OWASP Top 10 List of Web Application Security Risks for 2010

Today we have a guest post from Qualys Security Research Engineer Michael Shema.

The Open Web Application Security Project (OWASP) has updated its Top 10 list of Web Application Security Risks for 2010. The new list reflects a better understanding of how web applications are most commonly being attacked – or at least the most common risks discovered by security professionals. It’s important for organizations to understand that the list is a risk-based selection of web app vulns. For example, security misconfigurations (A6) appeared in the 2004 version, was dropped in 2007, and re-appears now in 2010. Also, malicious file execution (A3 from the 2007 version) was dropped because the main culprit, poorly configured and written PHP apps, can benefit from improvements to the default PHP settings. However, this doesn’t mean those problems have gone away. If you haven’t upgraded your PHP installation, then your site is still highly vulnerable.

The list doesn’t explicitly call out a very important exploit against web applications: logic attacks — attacks against the site’s workflows. These types of attacks have a generic description, but tend to be very specific to each web site. They’re related to broken auth and session management (A3) in that they take advantage of poor controls over a user’s activity. Logic attacks target assumptions the site makes about a user’s click path or the sequence in which a workflow is expected to be completed. These attacks rarely rely on injection of malicious content or otherwise invalid input. Instead, they very often repeat steps that the web app didn’t expect to be repeated or perform actions out of their expected order. It’s these vulns that are gaining prominence with JavaScript-heavy apps that push a lot of logic to the browser without verifying actions on the server.

It’s still important for web site owners to keep track of the OWASP Top 10 in order to understand how threats evolve.

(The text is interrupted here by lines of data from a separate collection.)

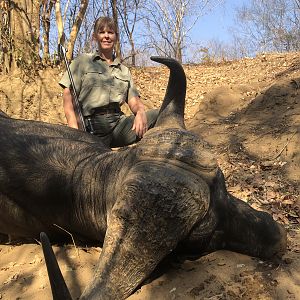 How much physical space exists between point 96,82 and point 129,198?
3025mm

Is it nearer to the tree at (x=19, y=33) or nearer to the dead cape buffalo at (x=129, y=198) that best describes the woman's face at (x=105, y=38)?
the dead cape buffalo at (x=129, y=198)

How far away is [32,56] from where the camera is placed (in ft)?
29.3

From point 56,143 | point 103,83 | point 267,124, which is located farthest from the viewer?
point 267,124

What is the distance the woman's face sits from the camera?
5.18 m

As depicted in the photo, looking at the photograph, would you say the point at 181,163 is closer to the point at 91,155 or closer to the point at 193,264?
the point at 193,264

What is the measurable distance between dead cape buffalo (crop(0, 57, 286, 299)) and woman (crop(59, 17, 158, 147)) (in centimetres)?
118

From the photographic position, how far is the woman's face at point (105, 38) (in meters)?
5.18

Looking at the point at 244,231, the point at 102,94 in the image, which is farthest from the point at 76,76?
the point at 244,231

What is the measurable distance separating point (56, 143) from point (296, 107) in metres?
5.41

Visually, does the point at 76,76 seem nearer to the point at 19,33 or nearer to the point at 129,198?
the point at 129,198

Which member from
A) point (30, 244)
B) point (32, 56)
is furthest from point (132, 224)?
point (32, 56)

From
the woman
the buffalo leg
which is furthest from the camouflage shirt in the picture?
the buffalo leg

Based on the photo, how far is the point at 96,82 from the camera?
520 centimetres

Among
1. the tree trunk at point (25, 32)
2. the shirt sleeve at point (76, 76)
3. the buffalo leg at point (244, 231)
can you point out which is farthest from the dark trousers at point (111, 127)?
the tree trunk at point (25, 32) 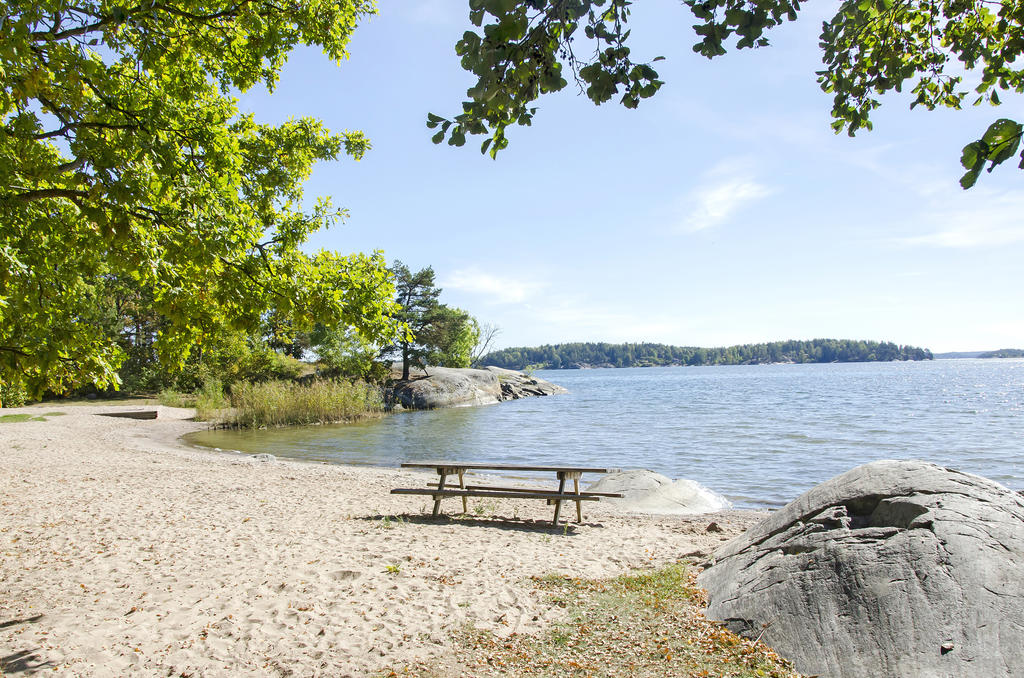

CRSF didn’t appear on the list in 2004, but apps have been vulnerable to it since 2000 and earlier (it takes advantage of a fundamental nature of HTML and HTTP). It’s just that CSRF attacks weren’t well defined or widely understood before the list could be updated in 2007.

Also keep in mind the Top 10 list is primarily for web site owners to understand how to improve their site’s security and to know what types of attacks seem most prolific. Some of the items, like XSS and CSRF also target the web browser. As a visitor to a possibly insecure web site, it’s fortunately still possible to apply some defenses in the browser, whether simply keeping the browser and its plug-ins up to date or using a security plug-in like NoScript.

And while developers scour their sites for risks associated with this Top 10 list, web users need to be aware of the prevalence of malware. Malware isn’t actually an attack against the web site; the attacker needs to use some other vulnerability in order to sneak malicious code onto a web page. However, malware is still a significant concern for users how are trying to keep their personal information secure.